Xiaomi has started selling the Mijia High-speed Water Ion Hair Dryer Pro, a new Xiaomi hair dryer that tries to do the one thing most hot-air tools still handle badly: avoid cooking your hair and scalp. The company has launched it on JD.com, priced at 940 yuan, with an introductory price of 720 yuan.

The pitch is simple enough. Instead of relying on fixed heat settings alone, Xiaomi built in a time-of-flight camera that measures how far the nozzle is from your hair in real time and automatically adjusts temperature. Dyson has been playing in this territory for a while, so Xiaomi is clearly aiming at the same premium buyer: someone who wants less heat damage, more automation, and a gadget that feels smarter than a normal dryer.

How the Mijia hair dryer adjusts heat

Xiaomi says the system keeps airflow comfortable by reacting instantly to changes in distance, which is the kind of detail that sounds minor until you use a dryer too close to your face for 10 minutes. There is also a ”double protection” mode that maintains a constant temperature while still adapting to proximity, so the machine is essentially watching itself while you wave it around.

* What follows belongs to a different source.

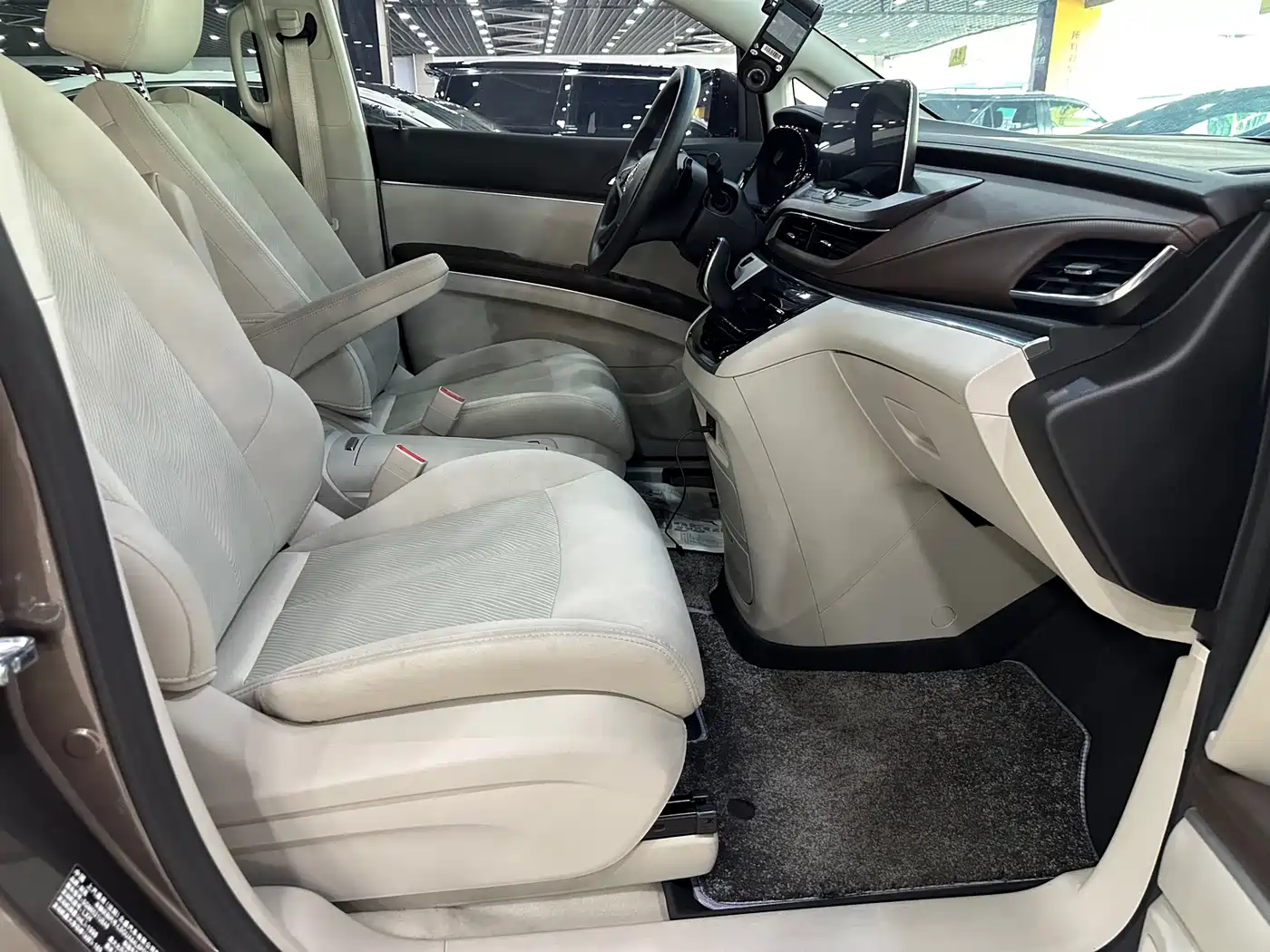 Buick GL8 2023 Model Land Business Class Smart фото 7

That kind of feedback loop is becoming more common in personal-care tech. The premium hair dryer category has already been pushed upward by faster motors, ionic claims, and temperature control; Xiaomi is now adding another layer, trying to make the price feel less like a splurge and more like an upgrade with a point.

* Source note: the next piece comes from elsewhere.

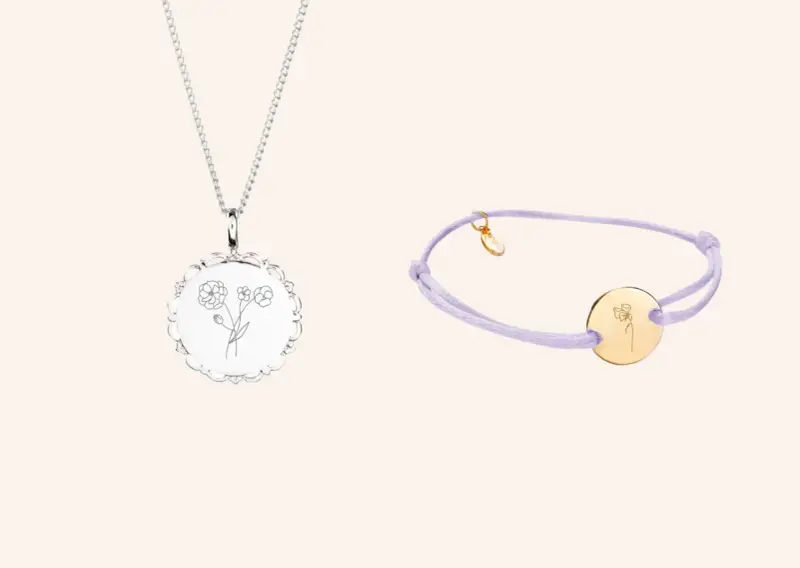 Collier et bracelet avec un symbole mois d'avril : des fleurs délicates gravées sur des médaillons.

Specs, controls and accessories

The dryer comes with a color display on the back, plus buttons and a rotary switch for separate speed and temperature control. Xiaomi says it will sell in three color options, and the unit is rated at 1600 watts.

  • Price: 940 yuan, or 720 yuan at launch
  • Power: 1600 watts
  • Distance sensing: time-of-flight camera
  • Controls: buttons plus rotary switch
  • Extras: multiple styling attachments, metal stand, wall-mounted magnetic bracket

Xiaomi’s premium personal-care push

The included accessories tell the real story. A metal stand and wall bracket sound mundane, but they nudge the product toward bathroom-counter permanence rather than a disposable travel gadget. Xiaomi is betting that buyers will pay more for a hair dryer that looks engineered, not just heated.

The bigger question is whether Xiaomi can turn a clever sensor trick into something people notice every morning. If it works well, rivals will have to answer with better automation of their own; if it feels like marketing frosting, the ToF camera will become another premium checkbox collecting dust next to the diffuser.